→ **Exercise**: Copy the listing exactly, please, and keep every picture out of it.

→ **Data**:
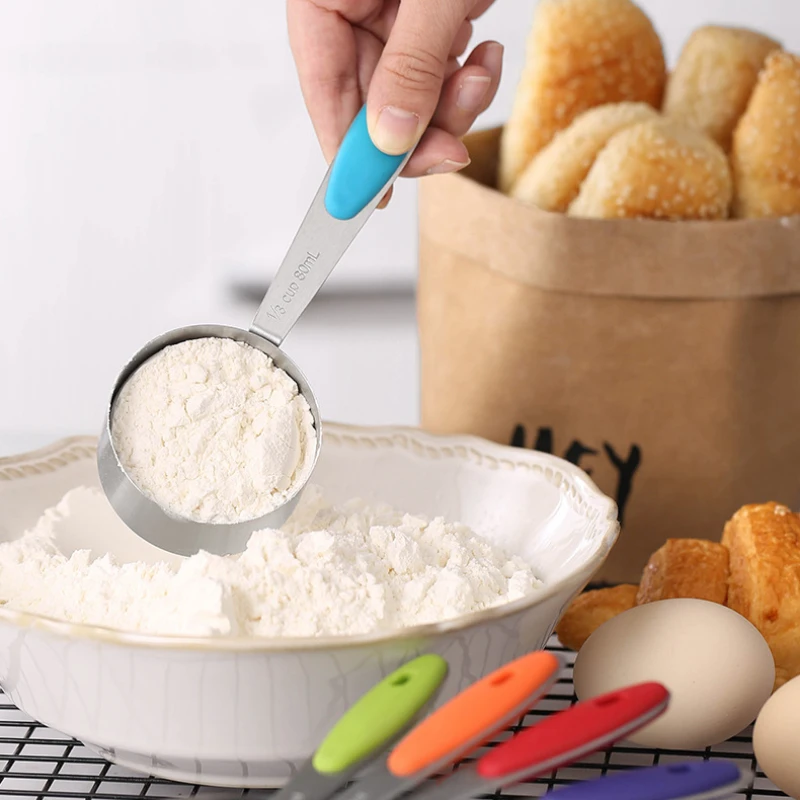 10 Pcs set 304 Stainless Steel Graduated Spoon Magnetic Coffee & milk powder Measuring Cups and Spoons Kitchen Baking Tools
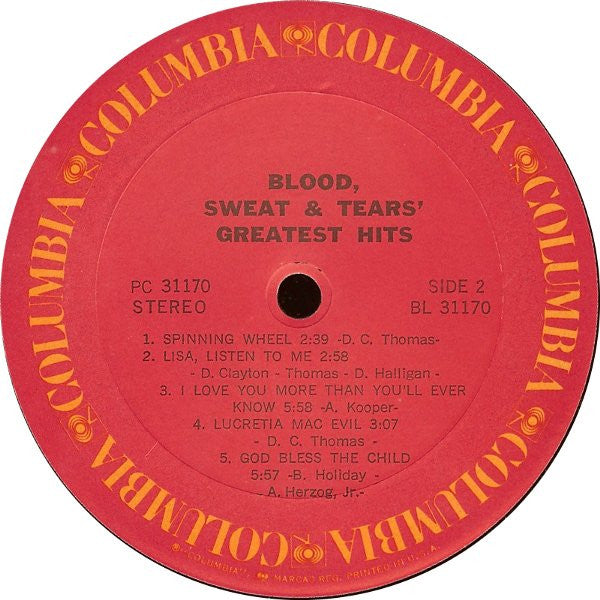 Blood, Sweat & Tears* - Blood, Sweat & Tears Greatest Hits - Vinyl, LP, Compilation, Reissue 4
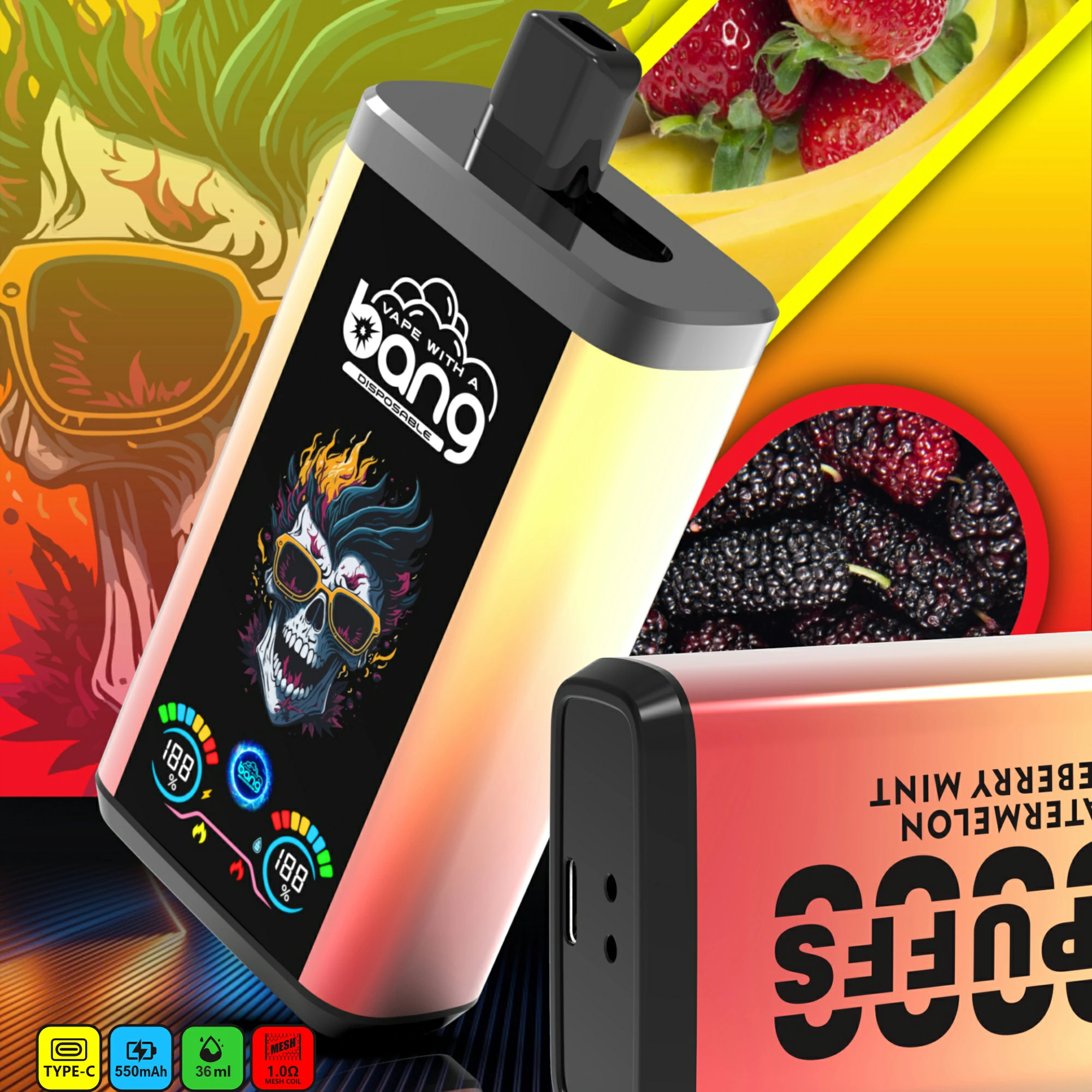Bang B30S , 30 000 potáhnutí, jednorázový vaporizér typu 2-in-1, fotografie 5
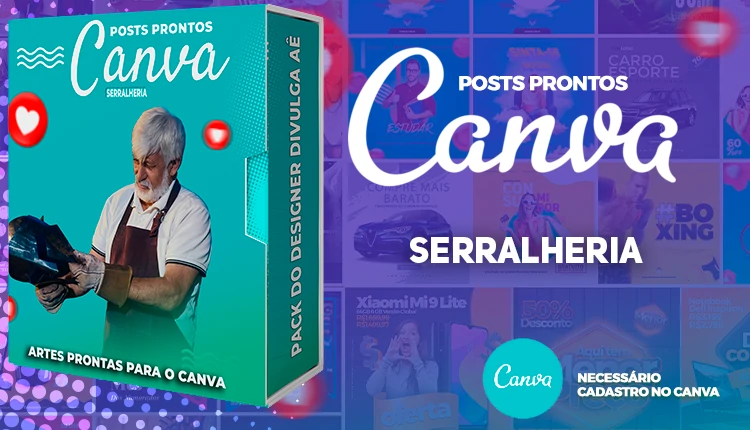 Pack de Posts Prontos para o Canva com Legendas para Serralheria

→ **Task output**:
 10 Pcs set 304 Stainless Steel Graduated Spoon Magnetic Coffee & milk powder Measuring Cups and Spoons Kitchen Baking Tools
 Blood, Sweat & Tears* - Blood, Sweat & Tears Greatest Hits - Vinyl, LP, Compilation, Reissue 4
Bang B30S , 30 000 potáhnutí, jednorázový vaporizér typu 2-in-1, fotografie 5
 Pack de Posts Prontos para o Canva com Legendas para Serralheria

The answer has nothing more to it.